In 1981, Marx founded Human Life International—the organization Rafael Cabrera represents in Managua—in Washington, D.C. “From the hub of the political world I shall launch forth to devote two or three months a year to spreading the prolife/pro-family gospel, mostly in the underdeveloped areas that I know so well from having visited 51 countries,” he wrote. “In Asia, Africa and Latin America, I shall introduce prolife/pro-family literature and audiovisual aids, planting or nourishing the natural family planning (NFP) movement.”
10

Marx claimed absolutely fealty to the pope, yet he routinely ignored papal injunctions against anti-Semitism, giving frequent vent to his obsession with the link between Jews and abortion. “A famous genetics professor in Paris told me that the leaders of the abortion movement in France were Jewish. I saw one, a Jewish female liar, do her thing on behalf of abortion at the World Population Conference in Bucharest,” he wrote in 1977.
11
He sounded the same theme a decade later: “If you have read my book
The Death Peddlers
, notice how many Jews helped lead the infamous 1971 abortion-planning meeting in Los Angeles, which I exposed; some 40 percent of the speakers were Jewish. Also, note the large number of abortionists (consult the Yellow Pages) and pro-abortion medical professors who are Jewish.”
12

Muslims were reviled as well, although the threat they posed was of a different sort. Marx worried endlessly that they were outbreeding Christians, especially in Europe, a fear that’s increasingly heard on the right today. “Dr. Emmanuel Tremblay, a French scientist, has calculated that if current trends hold, France will be largely a Moslem country by 2035 (thank you, contraception-sterilization-abortion),” he wrote.
13
(Tremblay is the leader of France’s largest anti-abortion group, Laissez-les vivre.)

In the United States, Human Life International consistently has been intertwined with the most extreme elements of the American antiabortion movement. Its spokesman, Don Treshman, once praised the sniper-style shooting of a Vancouver abortion provider as a “superb tactic.” Hours after Michael Griffin murdered a Florida gynecologist, Treshman started raising money for the killer’s family.
14

Human Life International’s rhetorical radicalism made it hard for the group to work effectively on Capitol Hill or in global forums, so in the late 1990s the group created two spin-off organizations.
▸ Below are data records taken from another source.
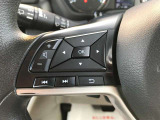 【ステアリングスイッチ】ステアリングを握ったままオーディオ等がコントロール出来ますので、利便性だけでなく事故防止にも繋がります。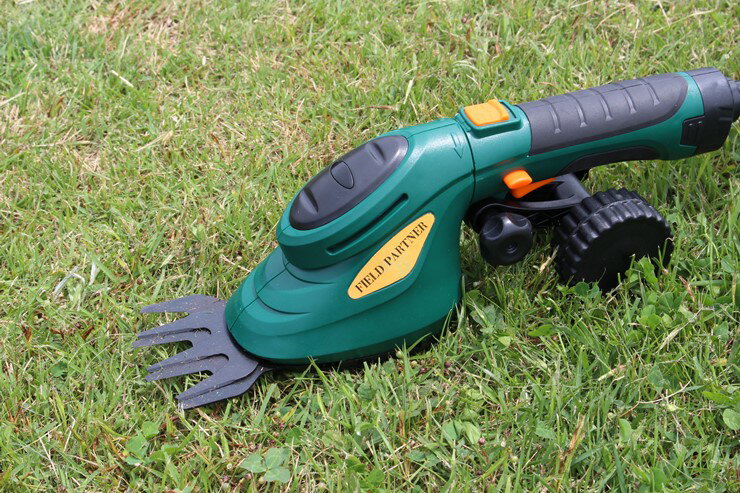 【メーカー直送】 谷村実業 リビングアウトシリーズ 3wayコードレスバリカン TAN-940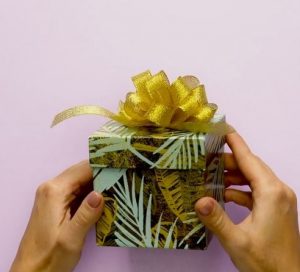 use custom ribbon rolls to make a classic pom-pom gift bow for your dad on Father's Day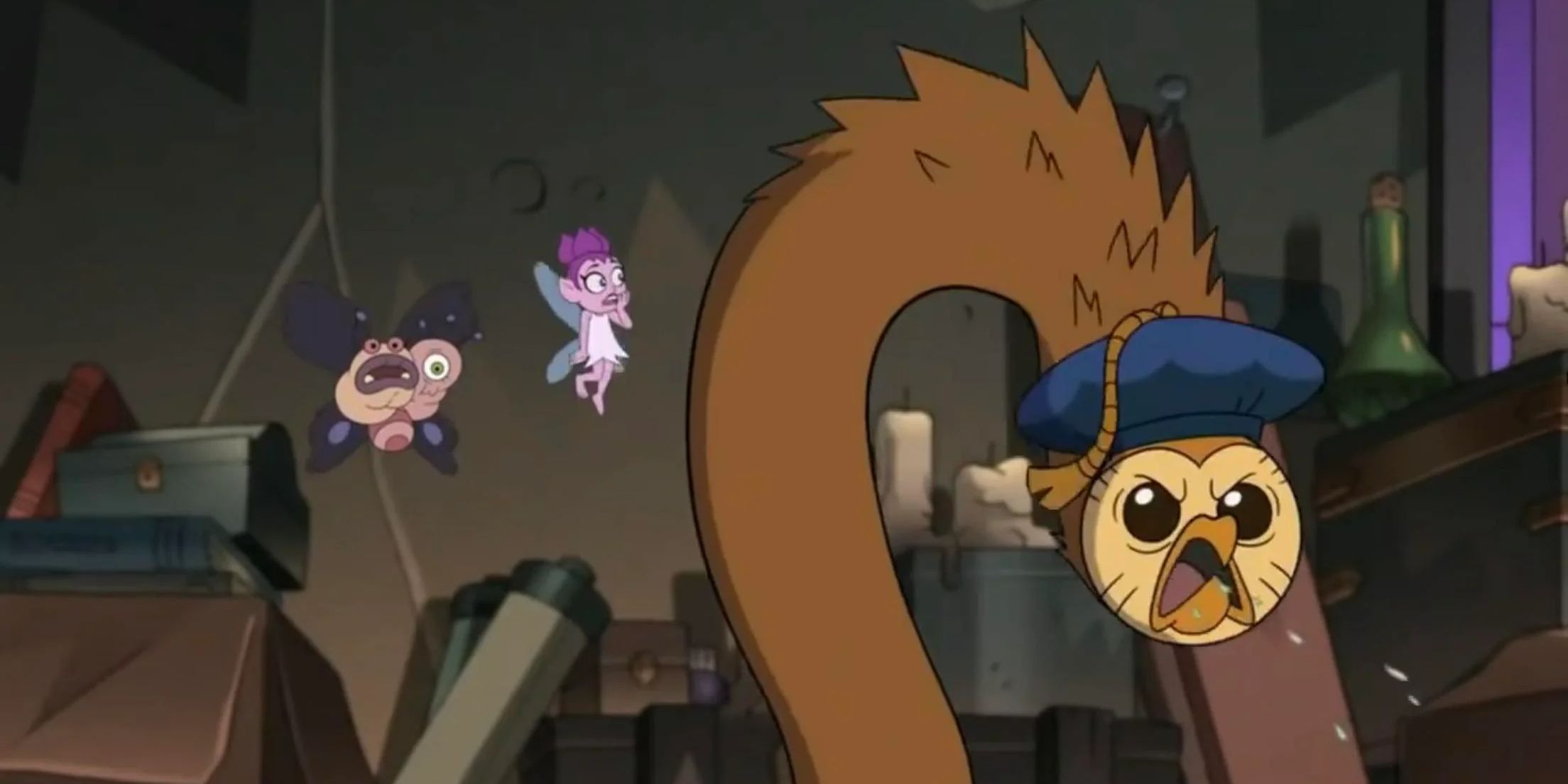 Imagem de um duende e criatura voadora chocada enquanto Hooty está com raiva e usando um chapéu de professor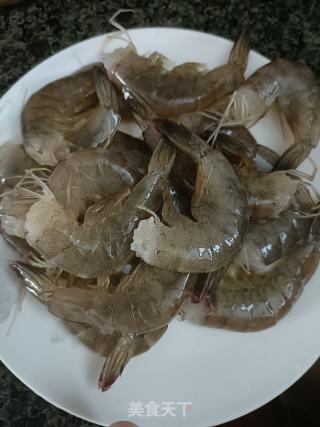 爆炒基围虾的做法步骤：3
The first was the Population Research Institute, a branch of HLI that became a separate outfit in 1996. The split, HLI explained in a press release, was “to enable [PRI] to operate more effectively in the secular world, out from under the mantle of a Catholic pro-life organization. As the parent organization, Human Life International has continued to provide the overwhelming majority of funding to the Population Research Institute.... To date, HLI has invested well over $1,000,000 in starting PRI.”
15
As its name suggests, the Population Research Institute is mainly concerned with population policies and organizations, especially the UNFPA. Despite its attempt to pass as a legitimate research group, its scientific veneer is terribly thin: According to a fund-raising letter, its goal is to “drive the final nail into the coffin of U.N. Population Fund abortionists.”